Together, this work demonstrates a generalizable deep-learning strategy that can classify cells based on unspecific fluorescence images, rather than specific antigens. This finding is important because immunophenotyping can be an expensive and error-prone process, despite efforts in standardizing staining, data collection, and automation of analysis⁵. We observed that the morphological differences between cells may not need to be apparent to the naked eye in order to be sufficient for cell classification. Consequently, we have developed an approach for using disaggregated cells, similar to the preparation employed in standard laboratory flow cytometry, to establish rapid and robust image-based cell phenotyping of cells. With this capability, it might be possible to develop a model for the 200+ known cell types in the human body in order to detect previously unknown phenotypes or detect phenotypic shifts that occur because of disease or treatment.

Methods

Sample preparation

A total of 8 cancer cell lines were used in this study. Adherent cell lines were prostate derived cancer cell lines PC3 (ATCC CRL-1435) and LNCaP (ATCC CRL-1740), breast cancer MCF7 (ATCC HTB-22), colon cancer HCT 116 (ATCC CCL-247) and bone osteosarcoma U2OS (ATCC HTB-96). Suspension cell lines were leukemic T-cell lymphoblast Jurkat E6.1 (ATCC TIB-152), acute myeloblastic leukemic HL-60 (ATCC CCL-240) and acute monocytic leukemia THP-1 (ATCC TIB-202). All adherent cells, except LNCaP, were cultured in Dulbecco’s Modified Eagle Medium (DMEM) with 4.5 g/L d-Glucose and l-Glutamine (Gibco), emented with 10% Fetal Bovine Serum (FBS, Gibco) and 1X Penicillin/Streptomycin (P/S, Gibco). All other cells were cultured in RPMI Medium 1640 with l-Glutamine, supplemented with 10% FBS and 1X P/S. All cells were incubated in T-75 flasks (Corning) at 37 °C with 5% CO2. When needed, the adherent cell lines were released from the flasks with Trypsin-EDTA (0.25%, Gibco) and then washed twice in complete media twice, prior to resuspension for staining. Suspension cells were also washed twice in complete media. After resuspension, cells were stained with 5 µg/mL Hoechst 33342 (H3570, Invitrogen), 50pM SiR-actin (CY-SC001, Cytoskeleton), and Live Green, 2 µg/mL Calcein AM (C1430, Invitrogen), incubated at 37 °C with 5% CO2 for 1 h and then washed twice in PBS. Cells were resuspended in PBS and aliquoted at low density into Greiner Sensoplate 96-well glass bottom multiwell plates (M4187-16EA, Sigma-Aldrich).

Microscopy

Microscopy imaging was performed using a Nikon Ti-2E inverted fluorescence microscope. Images were acquired using a Nikon CFI Plain Fluor 10× objective and a 14-bit Nikon DS-Qi2 CMOS camera.

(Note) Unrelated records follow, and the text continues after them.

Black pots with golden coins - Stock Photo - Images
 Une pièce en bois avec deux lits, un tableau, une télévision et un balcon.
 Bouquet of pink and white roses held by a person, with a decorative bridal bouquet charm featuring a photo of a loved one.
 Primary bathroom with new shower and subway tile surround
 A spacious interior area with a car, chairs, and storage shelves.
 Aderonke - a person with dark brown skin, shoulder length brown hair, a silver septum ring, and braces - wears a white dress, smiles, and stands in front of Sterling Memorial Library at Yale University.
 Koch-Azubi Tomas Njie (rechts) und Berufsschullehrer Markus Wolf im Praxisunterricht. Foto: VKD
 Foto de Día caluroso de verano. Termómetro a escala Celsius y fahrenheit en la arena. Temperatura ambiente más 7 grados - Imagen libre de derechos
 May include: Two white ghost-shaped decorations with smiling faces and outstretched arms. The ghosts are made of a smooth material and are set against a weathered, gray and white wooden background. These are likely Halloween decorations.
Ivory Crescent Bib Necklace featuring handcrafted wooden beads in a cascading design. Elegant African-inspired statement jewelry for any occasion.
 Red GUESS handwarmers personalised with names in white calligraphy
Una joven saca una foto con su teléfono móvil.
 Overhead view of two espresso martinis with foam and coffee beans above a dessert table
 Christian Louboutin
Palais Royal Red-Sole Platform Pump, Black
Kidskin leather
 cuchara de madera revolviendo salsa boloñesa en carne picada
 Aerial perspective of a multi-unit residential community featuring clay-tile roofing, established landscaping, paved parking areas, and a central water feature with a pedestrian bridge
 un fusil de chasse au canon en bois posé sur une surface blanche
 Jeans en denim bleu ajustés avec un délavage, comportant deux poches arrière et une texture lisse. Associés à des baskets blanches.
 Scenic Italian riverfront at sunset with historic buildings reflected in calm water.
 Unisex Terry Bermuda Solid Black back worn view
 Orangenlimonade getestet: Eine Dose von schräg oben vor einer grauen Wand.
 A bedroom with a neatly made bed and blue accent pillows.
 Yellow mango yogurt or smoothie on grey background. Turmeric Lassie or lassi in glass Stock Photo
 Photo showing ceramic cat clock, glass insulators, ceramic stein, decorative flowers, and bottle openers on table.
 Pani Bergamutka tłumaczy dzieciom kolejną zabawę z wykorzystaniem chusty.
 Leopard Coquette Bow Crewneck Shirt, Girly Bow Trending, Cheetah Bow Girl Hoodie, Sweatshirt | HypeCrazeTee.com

Images were captured using four channels: brightfield with phase contrast, DAPI (Nikon C-FLL LFOV, 392/23 nm excitation, 447/60 nm emission and 409 nm dichroic mirror), mCherry (Nikon C-FLL LFOV, 562/40 nm excitation, 641/75 nm emission and 593 dichroic mirror) and EGFP (Nikon C-FLL LFOV, 466/40 nm excitation, 525/50 nm emission and 495 nm dichroic mirror). Illumination for brightfield imaging was performed using the built in Ti-2E LED. Epifluorescence excitation was performed using a 130 W mercury lamp (Nikon C-HGFI). Gain, exposure and vertical offset were automatically determined using built-in NIS functions to avoid user biasing. Cells were imaged in Greiner Sensoplate 96-well glass bottom multiwell plates (M4187-16EA, Sigma-Aldrich). The concentration of cells in each well were diluted down to ~1000 cells to ensure adequate spacing between adjacent cells. An automated procedure was run on NIS using the Jobs function to take 16 images, on each of the 4 channels, inside of each well. The images were exported from NIS to standard TIFF format.